WORK ORDER
Begin your copy at the line with "Cavo rinforzato Usb" in the records below and end it at the line with "Игрушки-головоломки для собак", restating each line word for word; omit the pictures.
....................
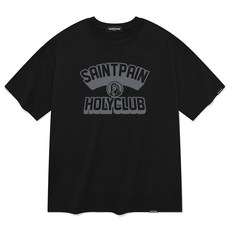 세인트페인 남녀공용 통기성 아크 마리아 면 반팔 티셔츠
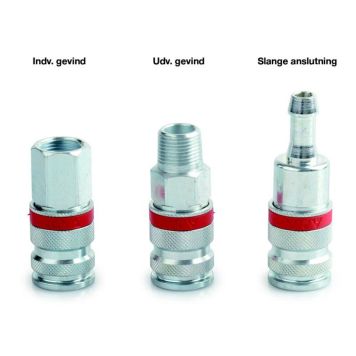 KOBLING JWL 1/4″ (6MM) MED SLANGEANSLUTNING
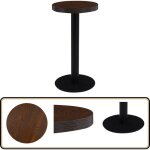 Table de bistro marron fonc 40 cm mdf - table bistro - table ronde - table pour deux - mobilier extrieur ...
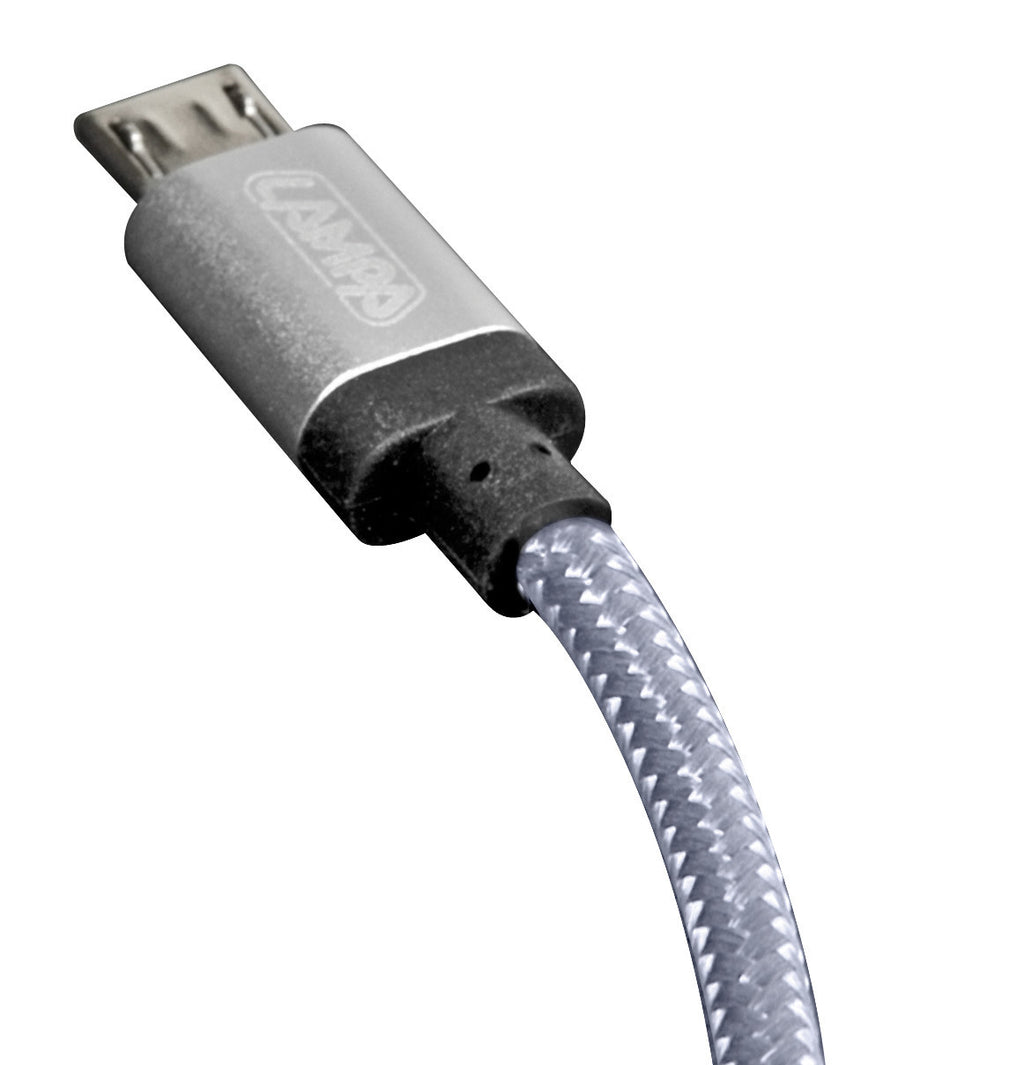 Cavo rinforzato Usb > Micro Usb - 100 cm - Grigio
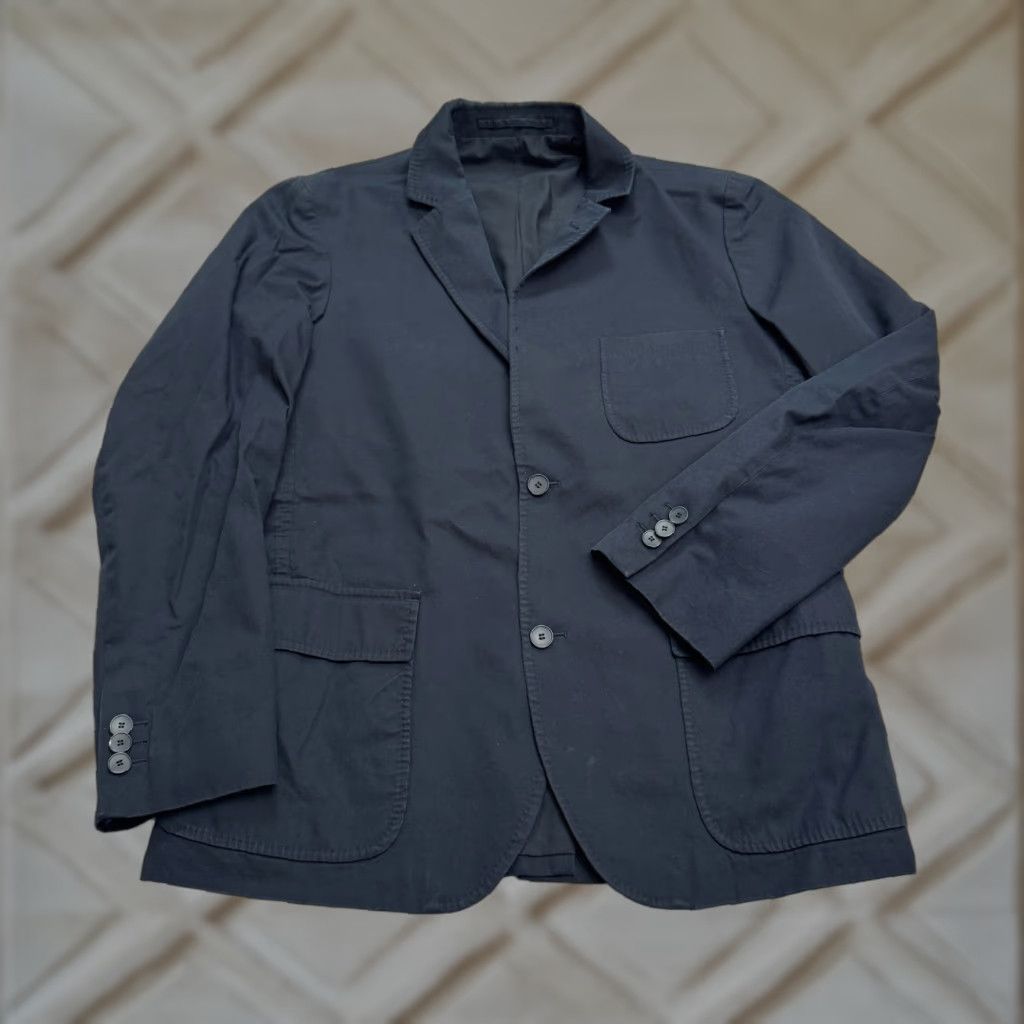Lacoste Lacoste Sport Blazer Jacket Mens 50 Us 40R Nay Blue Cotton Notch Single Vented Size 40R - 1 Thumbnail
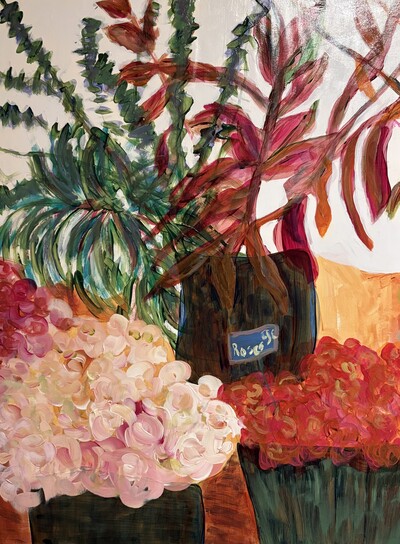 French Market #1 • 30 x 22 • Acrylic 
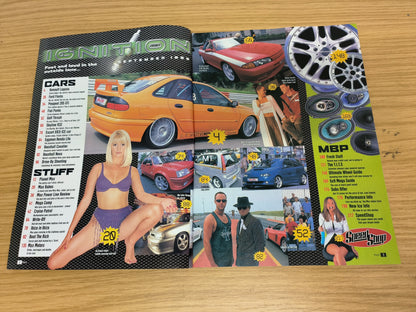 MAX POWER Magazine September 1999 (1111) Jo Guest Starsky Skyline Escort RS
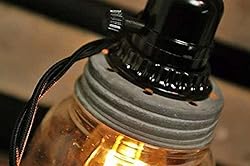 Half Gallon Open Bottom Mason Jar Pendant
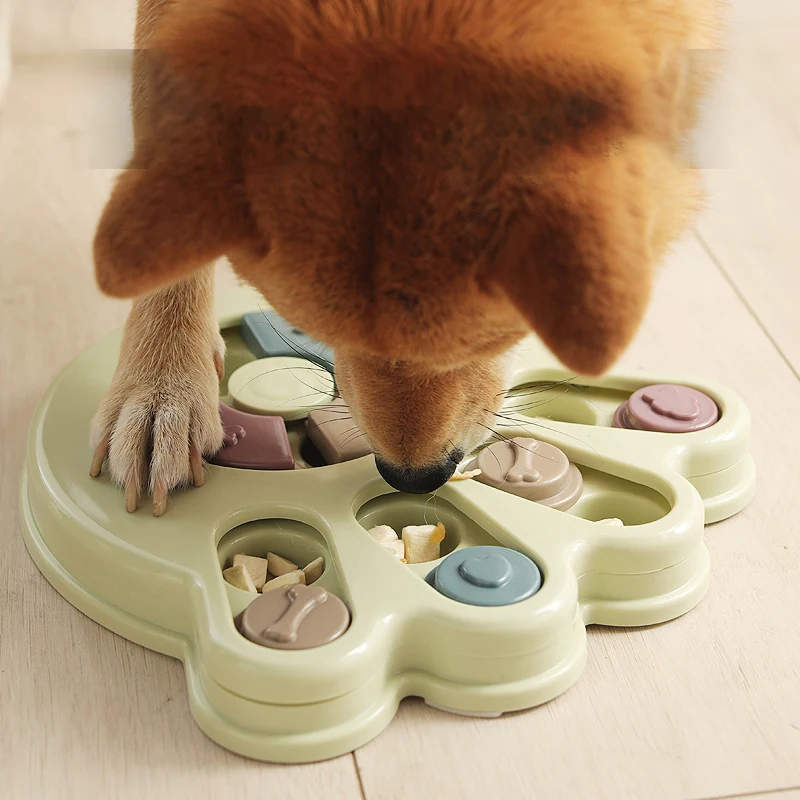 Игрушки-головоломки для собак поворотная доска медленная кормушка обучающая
....................
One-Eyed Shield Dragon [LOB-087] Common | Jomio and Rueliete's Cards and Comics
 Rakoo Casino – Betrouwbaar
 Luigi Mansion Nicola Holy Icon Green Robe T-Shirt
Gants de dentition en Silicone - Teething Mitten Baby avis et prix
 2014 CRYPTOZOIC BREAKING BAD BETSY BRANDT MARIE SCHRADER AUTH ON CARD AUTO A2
....................
ANSWER TO THIS PROBLEM
 Cavo rinforzato Usb > Micro Usb - 100 cm - Grigio
Lacoste Lacoste Sport Blazer Jacket Mens 50 Us 40R Nay Blue Cotton Notch Single Vented Size 40R - 1 Thumbnail
 French Market #1 • 30 x 22 • Acrylic 
 MAX POWER Magazine September 1999 (1111) Jo Guest Starsky Skyline Escort RS
 Half Gallon Open Bottom Mason Jar Pendant
 Игрушки-головоломки для собак поворотная доска медленная кормушка обучающая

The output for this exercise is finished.